In short, the Prime Minister can hold off calling a by-election in Hougang until he calls the next General Election, due by 2016.

However, since he also has powers to call a General Election, he can indeed call one anytime – and erase Hougang off the electoral map, as have happened in the three past examples of Havelock (1983), Anson (1986) and Geylang West (1086). He would have also avoided having to call a by-election in Hougang.

It is because of this potentiality – which already has precedents in the 1980s – which Singaporeans should be concerned about, and which Ms Vellama’s application seek to clarify.

Should the Prime Minister have the power to avoid calling a by-election, and instead call a General Election, and then wipe a constituency off the electoral map?

Thus, the question of whether the Prime Minister’s discretionary powers are unfettered is a completely relevant one.

This is more so because the Constitution spells out that in the event of vacancy in a constituency, “[the] vacancy shall be filled”. In other words, a by-election must (“shall”) be held to elect a Member of Parliament for the vacant constituency.

The Prime Minister’s discretion, it would seem, is therefore not unfettered – it is subject to the Constitutional provisions – and the Prime Minister cannot delay the calling of a by-election until the next General Election. To be able to do so would make the provision in the Constitution redundant.

In other words, the Prime Minister can effectively avoid calling a by-election, in spite of the constitutional provision, if his discretionary powers are unfettered. It makes no sense.

Reasons given for not calling by-elections

The parliamentary exchanges on the three occasions in the 1980s when parliamentary seats were made vacant – through deaths and disqualifications – are instructive and telling.

According to Parliament reports, then-Prime Minister Lee Kuan Yew, in reply to a question by MP for Anson, Mr JB Jeyaretnam, on why the government has not called a by-election in the vacant seat of Havelock, said:

There is no reason why the people of Havelock should have a bye-election [sic]. There is no reason why anybody should be looking after Havelock under the Constitution. There is no reason at all. For purely grassroots purposes and to ensure that the vote will be forthcoming in the General Elections, I have thought fit, both in my capacity as Secretary-General of the PAP and in my capacity as Prime Minister, to ask Mr Lee Yiok Seng, the Member for Bukit Panjang, to nurse the constituency. And it is completely open to the Member for Anson to set up his branch there and to meet us there in the General Elections. I expect him to do so; or he is wasting the time of this House and the time of the public.” [Emphasis added.]
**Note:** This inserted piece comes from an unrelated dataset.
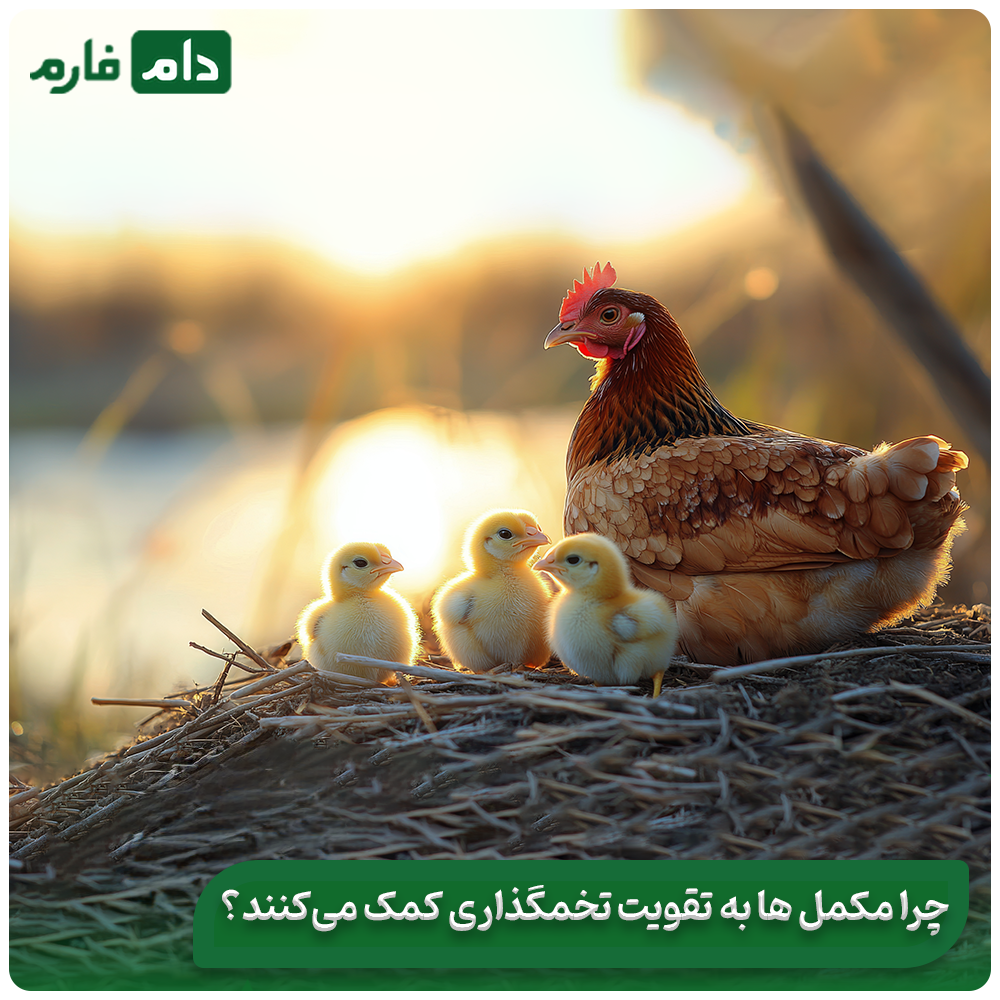 Medicines-and-supplements-to-increase-the-estimation-of-all-chickens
Mr Lee explained that “the General Elections must be held in another two years. They are likely to be held earlier. Before then, Havelock, an inner urban constituency, because of declining population, is likely to be merged with other constituencies.” Mr Lee said it therefore “makes little sense to hold a bye-election.”

In 1986, Mr Chiam See Tong (MP for Potong Pasir), asked why the Government had not called a by-election in Anson, which was vacated after its MP, Mr JB Jeyaretnam, was disqualified from holding the seat. Mr S Dhanabalan, then-Foreign Affairs Minister, replied that there were no requirements under the law to call one. He added: “The people of Anson elected Mr Jeyaretnam. He has been convicted of a criminal offence and fined and sent to jail. They have to learn to live with the consequences of their choice.” (See here.)
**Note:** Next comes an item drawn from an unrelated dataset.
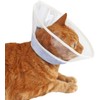 Elizabeth Color Cat Soft Clear Feather Color SL Stripe Blue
In 1987, Mr Chiam asked about the vacant seat in Geylang West, which had become empty after its MP, Mr Teh Cheang Wan, died in 1986. Then-First Deputy Prime Minister, Mr Goh Chok Tong, replied that the reason for the Government not calling a by-election in the ward was because the Government was “contemplating introducing a Bill to form Town Councils.”

Mr Goh explained:

“When Town Councils are formed after the Bill has been passed in Parliament, we envisage that certain constituencies will be grouped together so that the Members of Parliament can have a viable Town Council of three or four MPs banding together. It is possible that some boundaries will be re-delineated and it is also possible that some constituencies could be lost because, as you know, voters or the population have been shifting from the older constituencies into new towns. It is possible that Anson or Geylang West could be affected, either by a change in their boundary, delineation, or perhaps by the constituency being divided into parts which can be absorbed by the neighbouring constituencies. We do not know. It is very painful for any MP, whether he is a PAP MP or an Opposition MP, to have cultivated the grassroots only to lose them in the next election. It is for this reason that we thought it wise not to have a by-election until the Bill is presented to Parliament.”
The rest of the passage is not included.